**ACTIVITY:** Would you transcribe the records below from the line with "Wild Bonanzer" to the line with "Womens Supply Hood", ends included, exactly and with nothing more, leaving the pictures out?

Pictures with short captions
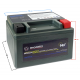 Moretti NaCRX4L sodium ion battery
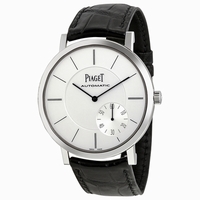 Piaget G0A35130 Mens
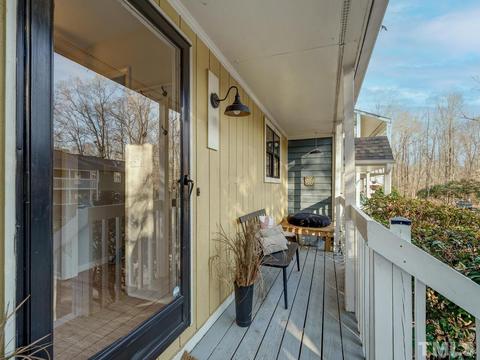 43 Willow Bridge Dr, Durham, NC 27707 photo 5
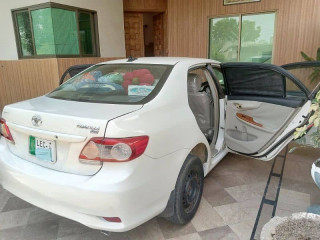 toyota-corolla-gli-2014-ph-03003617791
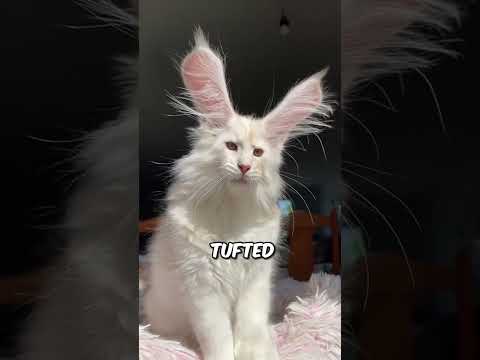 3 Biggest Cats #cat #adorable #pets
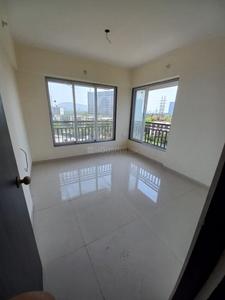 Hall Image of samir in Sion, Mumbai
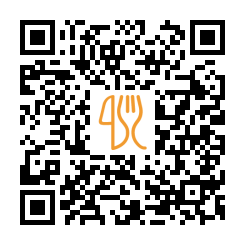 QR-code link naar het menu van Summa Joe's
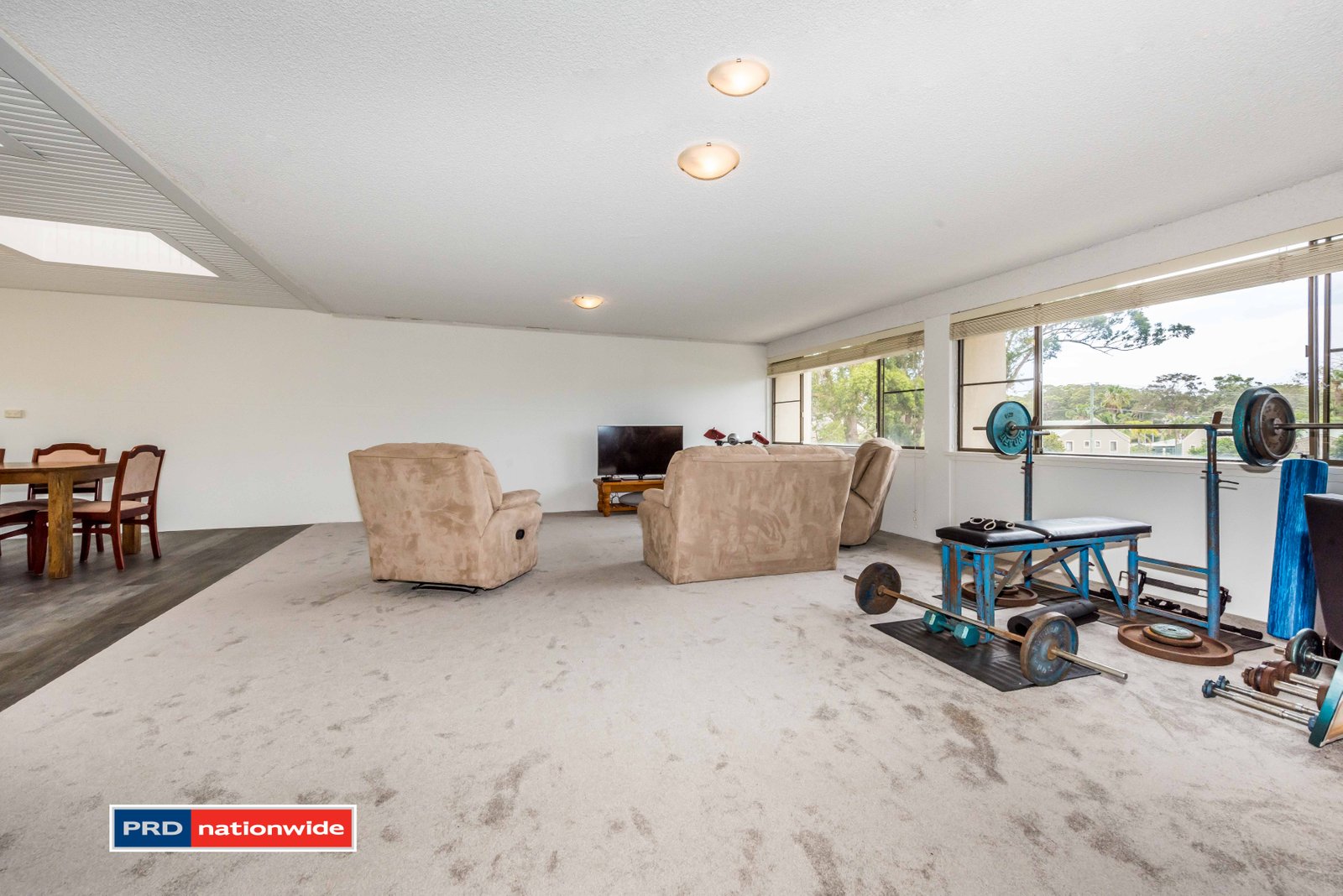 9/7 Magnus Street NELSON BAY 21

* * *

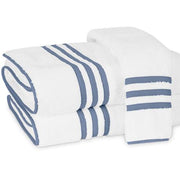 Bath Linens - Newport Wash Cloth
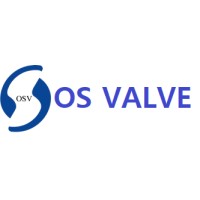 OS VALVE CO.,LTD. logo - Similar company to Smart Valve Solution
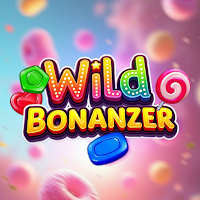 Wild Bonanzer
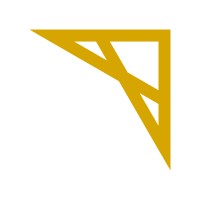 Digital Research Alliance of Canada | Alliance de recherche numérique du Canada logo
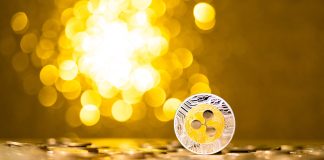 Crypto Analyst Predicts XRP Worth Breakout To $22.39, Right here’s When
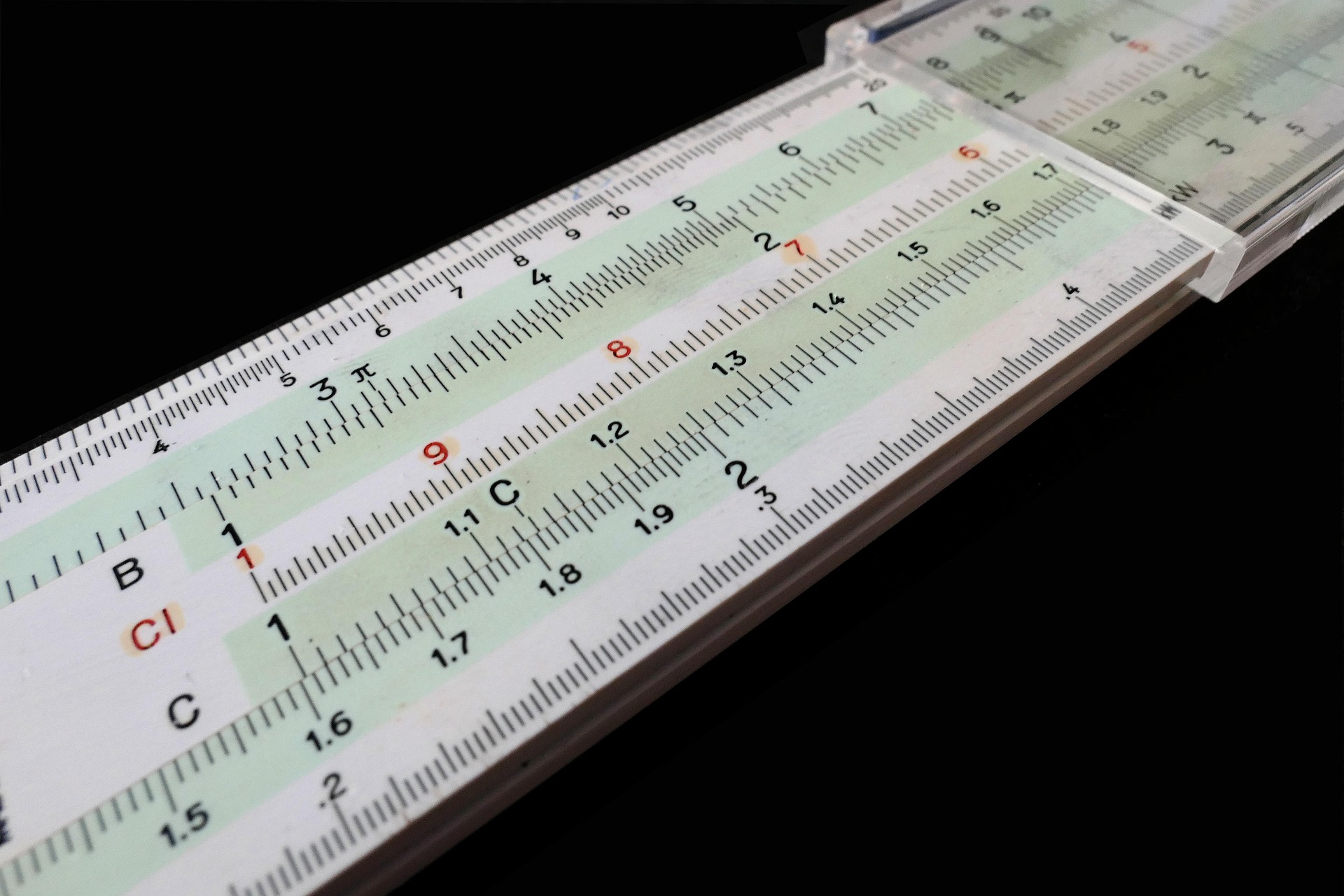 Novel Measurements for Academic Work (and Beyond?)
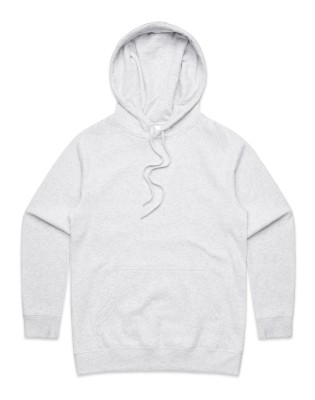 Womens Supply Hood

**SOLUTION BELOW:**
 Wild Bonanzer
 Digital Research Alliance of Canada | Alliance de recherche numérique du Canada logo
 Crypto Analyst Predicts XRP Worth Breakout To $22.39, Right here’s When
 Novel Measurements for Academic Work (and Beyond?)
 Womens Supply Hood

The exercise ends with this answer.